# Pics of my M3/4



## armaq (Apr 18, 2003)

1998 M3/4, Cosmos Black, black leather, 5 speed, every option, CPO warranty, 23k miles on the clock when bought a week ago


----------



## LDV330i (May 24, 2003)

That is one mighty nice looking M3/4. :thumbup: I cannot believe it is close to being a 6 year old car when it looks factory new. :wow:

Did you take those pictures at your apartment complex, next to the WAMU gold dome? :dunno: I work at 8 Greenway Plaza so I recognized the buildings.


----------



## armaq (Apr 18, 2003)

LDV330i said:


> That is one mighty nice looking M3/4. :thumbup: I cannot believe it is close to being a 6 year old car when it looks factory new. :wow:
> 
> Did you take those pictures at your apartment complex, next to the WAMU gold dome? :dunno: I work at 8 Greenway Plaza so I recognized the buildings.

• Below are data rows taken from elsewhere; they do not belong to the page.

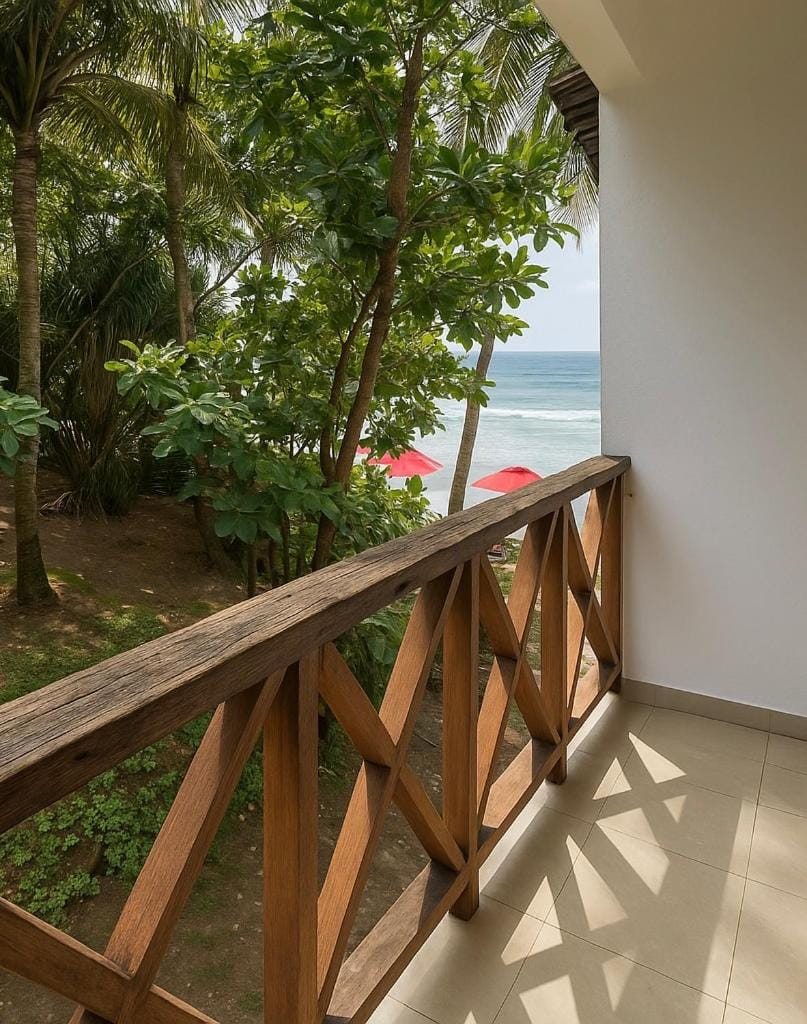 View (from property/room), Balcony/Terrace, Sea view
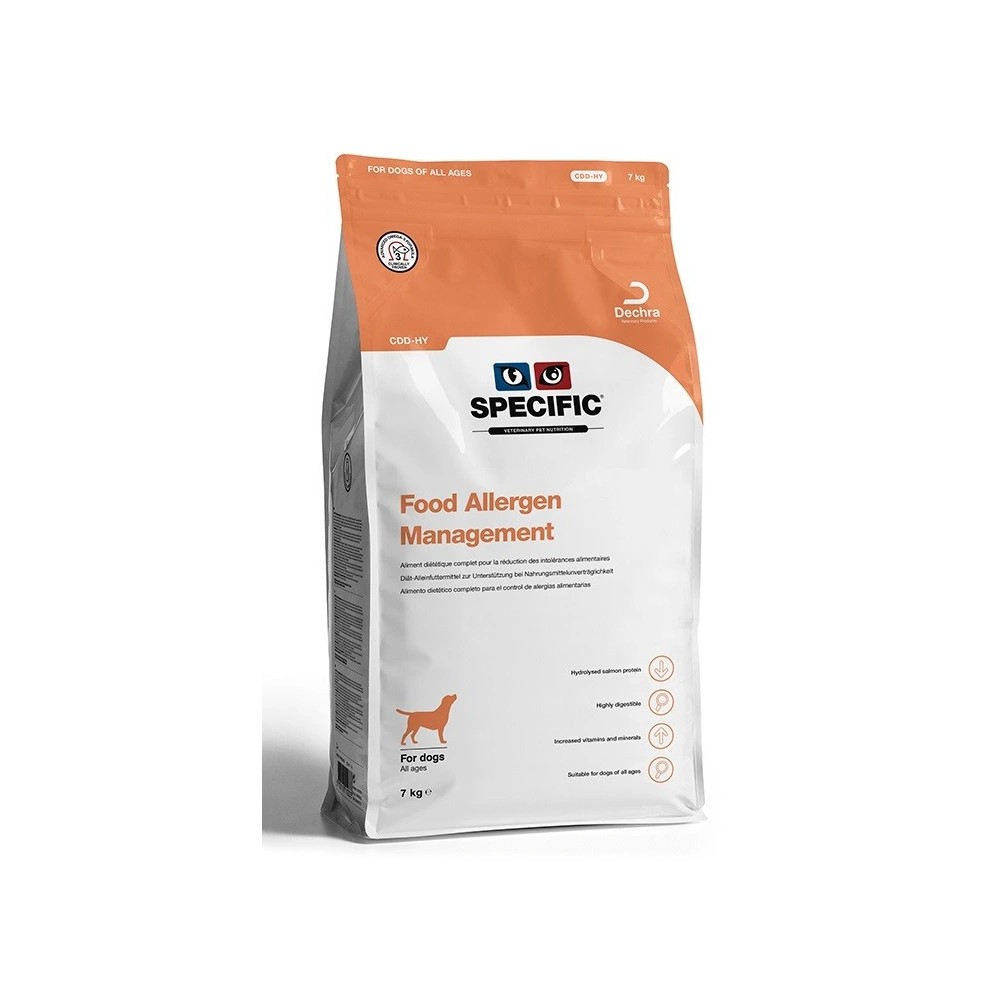 Specific Food Allergy Management Hydrolyzed CDD-HY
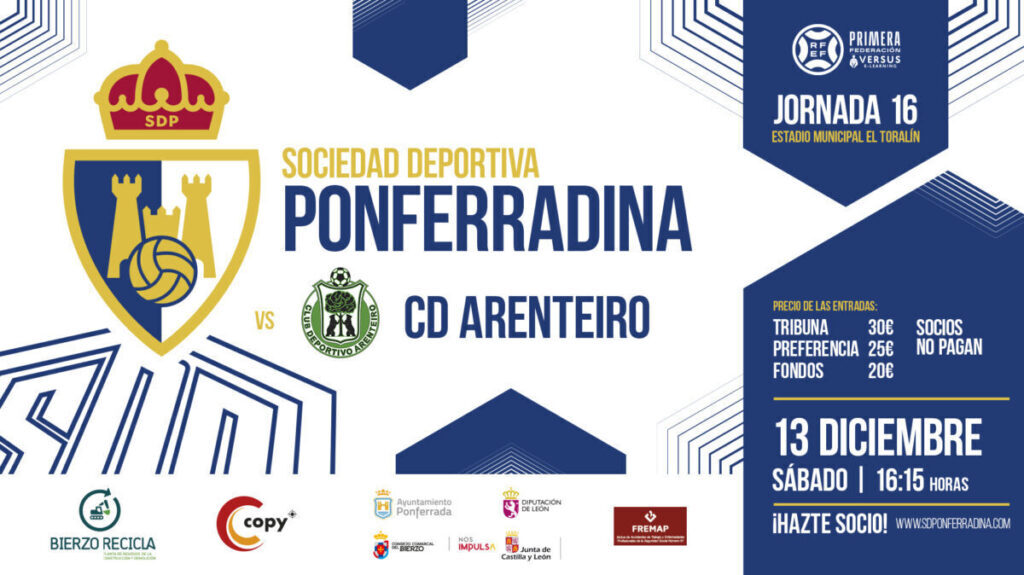 ponferradina arenteiro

Thanks for the compliment!

Yep pics were taken at Camden Greeway.

Acutally I just posted in the other thread asking where you at. I've seen a few IR sedans in town but didn't know which one were you. Do you have some sort of dark tint on your car?


----------



## FenPhen (Jan 13, 2004)

Very nice photography. :thumbup: 

Do all M cars come with the that M-colors sash on the lower back cushion? :str8pimpi


----------



## armaq (Apr 18, 2003)

FenPhen said:


> Do all M cars come with the that M-colors sash on the lower back cushion? :str8pimpi


All E36 M3's have those. THe coupes have even nicer vader seats


----------



## tamum3 (Feb 27, 2004)

Nice car! :thumbup:



> Do all M cars come with the that M-colors sash on the lower back cushion?


From what I have read no.....I believe luxury pkg models didnt have them and I found this bit of info from another site:

_In '98, near the end of the production run, BMW ran out of Nappa leather, which was the standard leather on M3's. So they substituted the normal Montana leather instead and put stripes on the headrests. This was the source of the $500 leather credit. If you got a '98 with the leather credit but no stripes on the headrests, you could have gone to the dealer and gotten the headrests replaced for free. All M3s otherwise have Nappa leather._


----------